Look up in the sky, it’s a bird, it’s a plane.

No, it’s Miami-Dade police spying on you.

The Miami-Dade Police Department is about to become the first large metropolitan police department in the country to buy a drone, an unmanned plane equipped with cameras that until now, has only been used by military in Iraq and Afghanistan.

Police say the drone is necessary to keep us safe, but ACLU officials say it will allow police to invade our privacy by peeping through our bedroom windows and into our backyards – where we have an expectation of privacy.

But technology experts say we better get used to this idea because this is only a sign of things to come.
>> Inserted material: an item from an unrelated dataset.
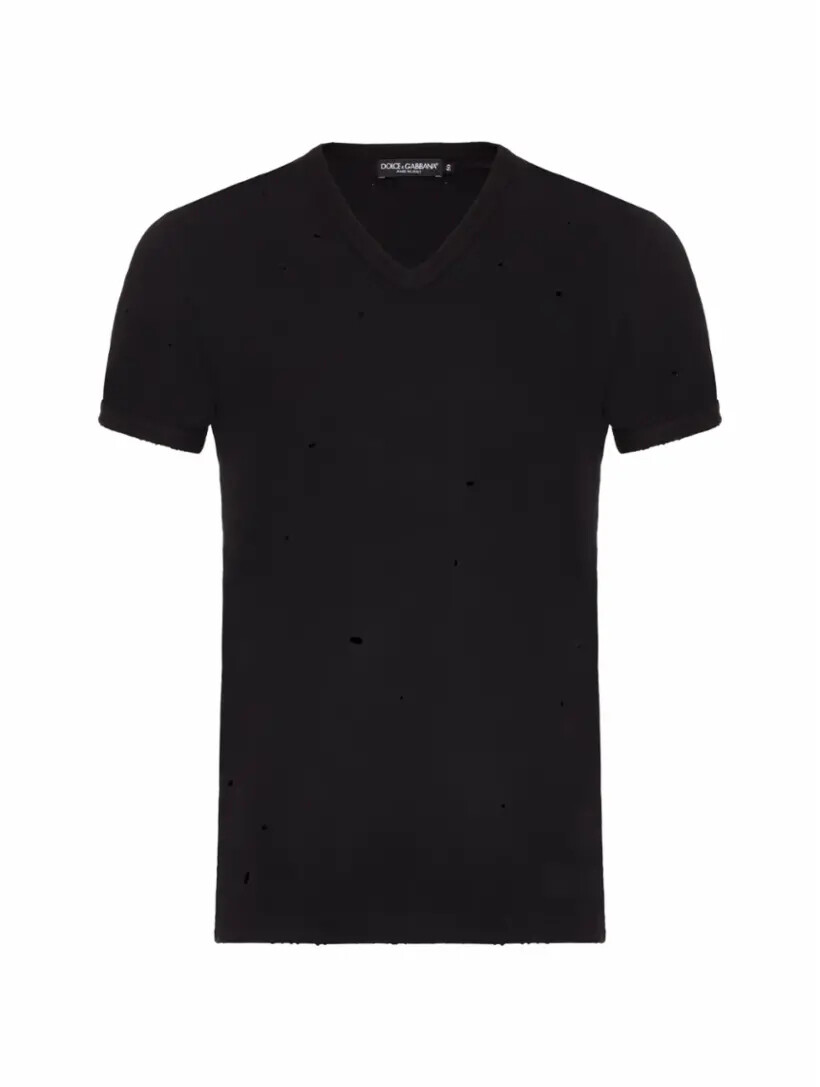 

Футболка с рваным эффектом Dolce&Gabbana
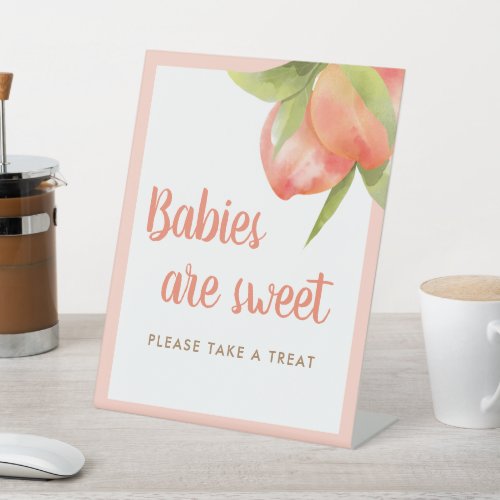 Little Peach Girl Baby Shower Favors Sign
Soon all large-scale police departments will be flying drones.

But before that can happen, the Federal Aviation Adminisration must first approve the airways.

According to the Miami New Times:

At this point, it doesn't really matter if you're against this technology, because it's coming," says P. W. Singer, author of Wired for War and an expert on drones. "The precedent that is set in Miami could be huge."

The irony, of course, is that police have been doing all they can to prevent us from recording them even when they have no expectation of privacy.

So next time you choke the chicken inside the privacy of your own home or make love to your wife, your photo can wind up in a police file labeled for domestic terrorists probably along the side your crotch-shot from that time you walked through a TSA checkpoint during the holidays.

The MDPD will purchase the 20-pound T-Hawk from Honeywell for an unspecified amount of tax dollars that are supposedly coming from some federal grant.

Probably the same grant that allowed the MDPD to create its Homeland Security Bureau that responded to Stretch Ledford and I taking photographs at the Miami-Dade Metrorail.

A Detective Bustamante told us we would be arrested if we continued taking photos, even though he had shown him official documentation that we were allowed to take photos on the trains.

We were then “permanently banned” by the Metrorail sesecurity company while the MPPD Homeland Security jackasses looked on approvingly.

Our tax dollars at work sure as hell are not going towards the brains of the Homeland Security operation.

The Federal Aviation Administration still needs to approve the drone so it can fly at 10,500 feet at a cruise of 46 mph at 49 minutes at a time.

Knowing Miami, it probably won’t be long until somebody shoots it down.

Meanwhile, citizens can purchase their own smaller-scale drone for only $300 that can be operated with an iPhone.

The Boston Herald reviewed that drone here. And you can check out the company's website here.Maybe they'll send me one of those drones to review on this site.

I'd like to see what will happen if I fly the drone outside the window of the Miami-Dade Police Department.